Merlin fights through the night, struggling and forcing himself to keep both eyes open. He wants to see the exact second when Arthur vanishes from his side. It is only a moment, a single second but when he opens them back he sees he’s alone and a new day has dawned. Yet, it doesn't feel as excruciatingly painful as before. Perhaps it’s because now he knows how easily it is for Arthur to be there and away in one blinking second or perhaps, it’s because the traces of the other’s tears are still visible in his right shoulder over the fabric of his raggedy jacket and the certainty he did not imagine it, beats any other malcontent emotions.

 

**Part Four: The land that I knew it’s a dream.**

When another thirty years pass, Merlin is there and waiting for him. The clench and sting in his chest still linger but the heaviness of it all is not quite the same, yet his breath still gets slightly caught while exiting his nostrils as Arthur walks in front of him with a beaming smile.

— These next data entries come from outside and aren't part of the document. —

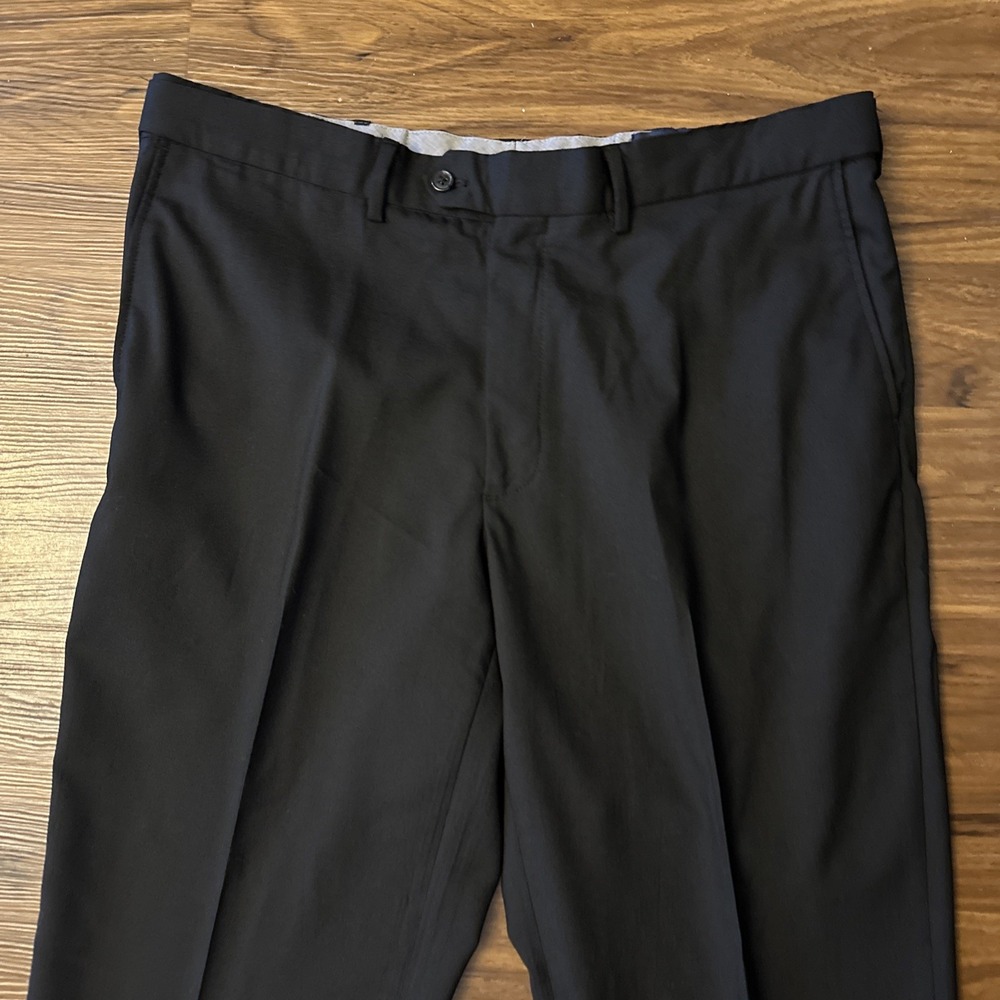 Lands' End Mens Wool Dress Pants Traditional Fit Size 40 (39x31) Black Hemmed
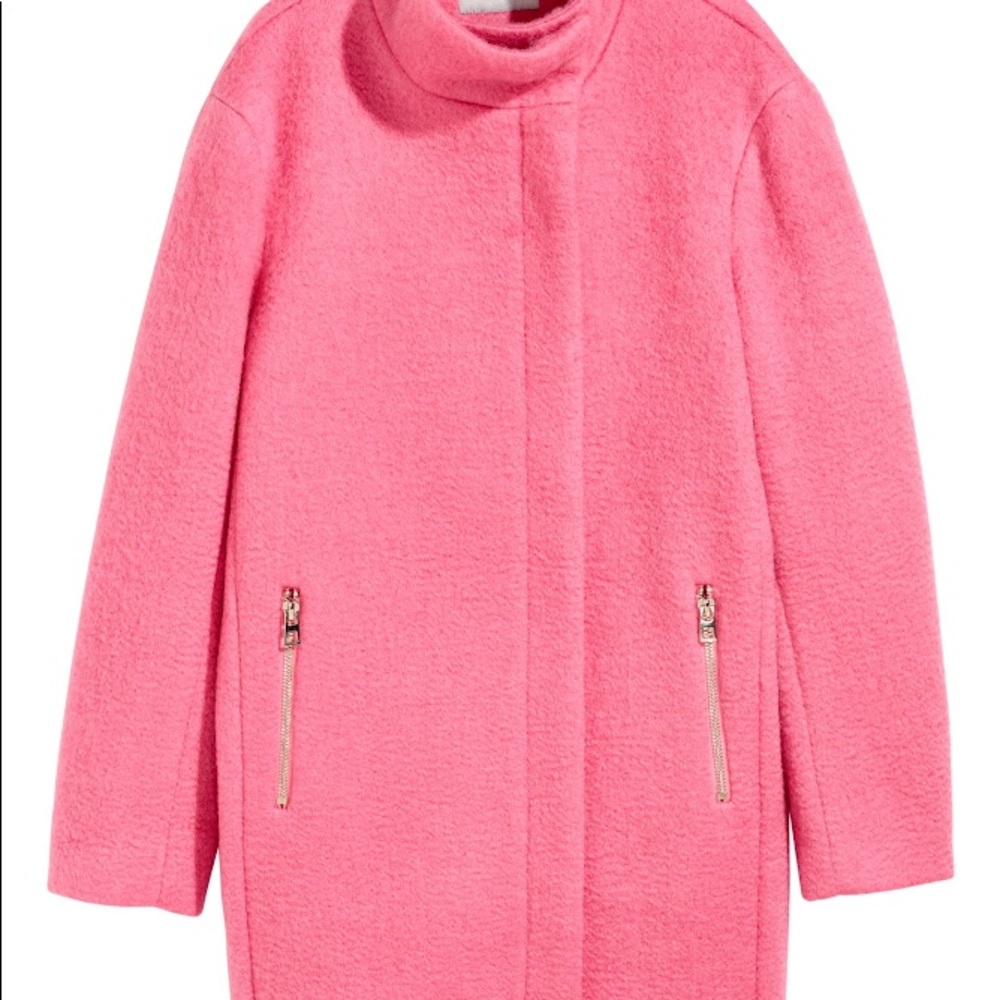 H&M Pink Wool-Blend Coat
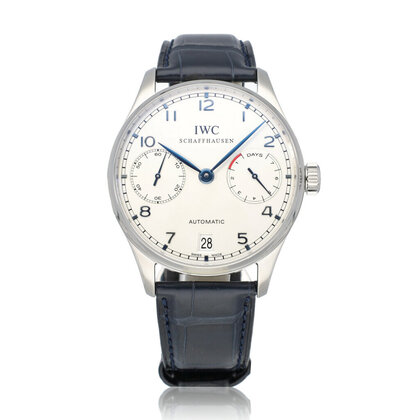 Portugieser Automatic 7 days Power Reserve 42 steel silver 7-days 2008 box + papers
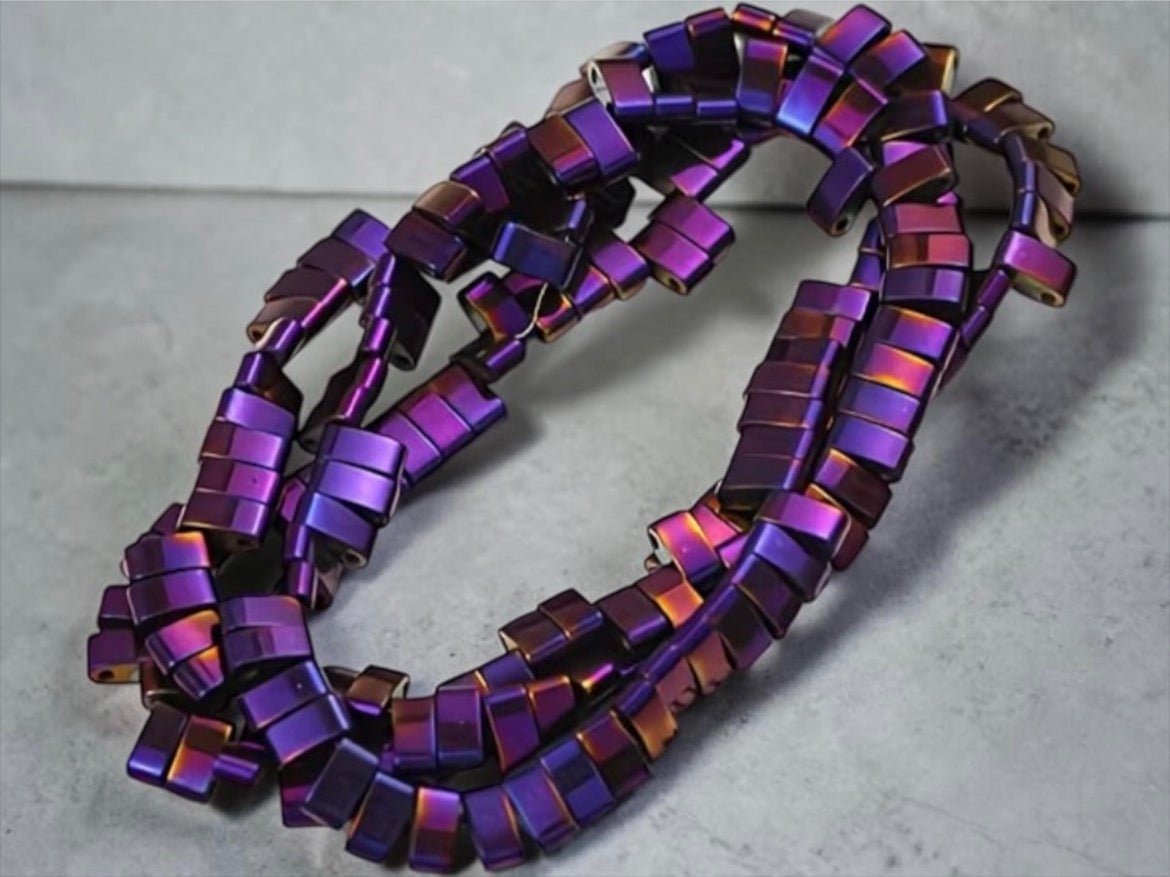 Perles Demi Tila Hématite Violet Métallique | Style Miyuki | Perlatopia perles bijoux - Perlatopia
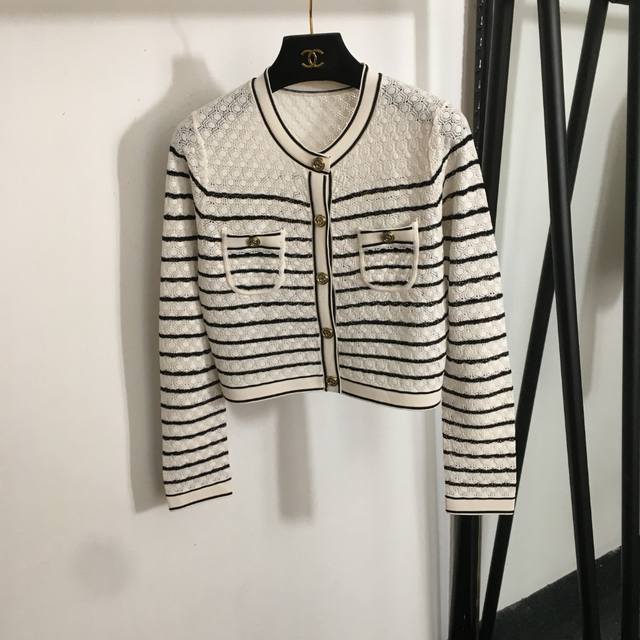 Style No. 20253146 Sandr* New French Elegant Button Hollow Long Sleeve Striped K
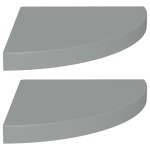 vidaXL Rafturi colț de perete, 2 buc., gri, 35x35x3,8 cm, MDF vidaXL Rafturi colț de perete, 2 buc., gri, 35x35x3,8 cm, MDF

Somehow things fall into a normality too bizarre to explain properly and the need to rephrase every last situation is no longer present; it’s as if they have both come to terms with the frailty of their reunions and have decided how pointless it truly is to waste time complaining or searching for an answer that will only prove to be futile and never quite satisfying for them. And also this time is different because Merlin has come prepared.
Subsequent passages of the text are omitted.